I was in Japan on holiday earlier this month. And it was wonderful! The weather was perfect, the people were lovely and the country was breathtakingly beautiful. Some thoughts/observations:
- We flew to Tokyo via Beijing. Missed the connecting flight from Beijing to and had to catch the next flight out. I don’t think they use air conditioning at that airport; probably just circulate the outside air. I say this because our flight was delayed due to unprecedented snowfall in Beijing. And sitting at the airport Gate waiting for my next flight, I felt as if I’d turn into an ice statue myself.
- I visited Tokyo, Nara, Hiroshima, Miyajima Island, Kyoto and Aichi. My favourite was Hiroshima (and Miyajima Island, which is located NW of Hiroshima Bay.)
- Hiroshima is so lush and beautiful; it’s hard to believe that city was reduced to rubble less than a century ago. The fall colours across the city was a spectacular sight.
- Miyajima Island was, personally speaking, the highlight of the trip. Fall trees spread across the seemingly endless streets, wild deer strolling everywhere, the Itsukushima shrine and its serene beauty and warm waffles served in small cafes. I didn’t want that day to end. Really.
- Much like India, you don’t have to look too far to spot a temple or a shrine. They are there everywhere. These are either Buddhist Temples or Shinto Shrines. Wonderfully maintained. You never really feel like the tranquillity is disturbed because of the sheer number of visitors. It’s also fascinating how everyone speaks of both religions with the same kind of respect. I hear this is one of the few places in the world where two different religions exist in such harmony.

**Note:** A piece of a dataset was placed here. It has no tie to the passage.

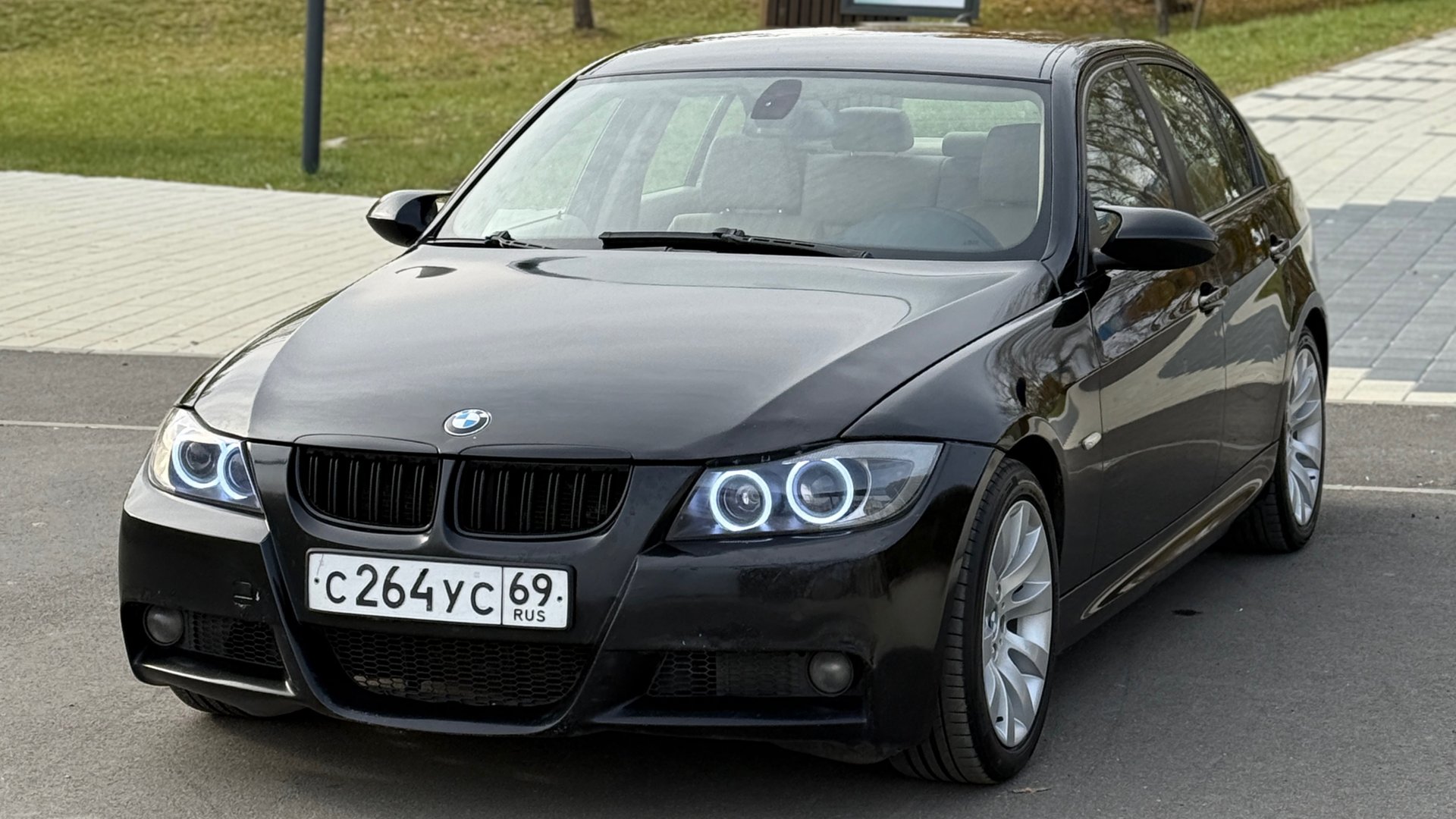 E90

- Luck decided to take an early Christmas vacation on the day we visited the 5th Station at Mt. Fuji hoping to catch a glimpse of that shy, sneaky, gorgeous mountain top. But, as they say, man proposes, God disposes. The Gods decided to shower us with ice-cold rain water, shroud us with fog and clouds so we couldn’t even see what lay 10 feet ahead of us, let alone Mt. Fuji.
- Being vegetarian, Japan obviously wasn’t a food paradise. Especially in the beginning when I had no clue as to what I was supposed to do with the stuff on my plate. In fact, on the second day, this was my diet – green tea, green tea ice cream, green tea cake, green tea Kit-Kat and green tea waffles. It did get better towards the end; perhaps I developed a taste for Japanese food.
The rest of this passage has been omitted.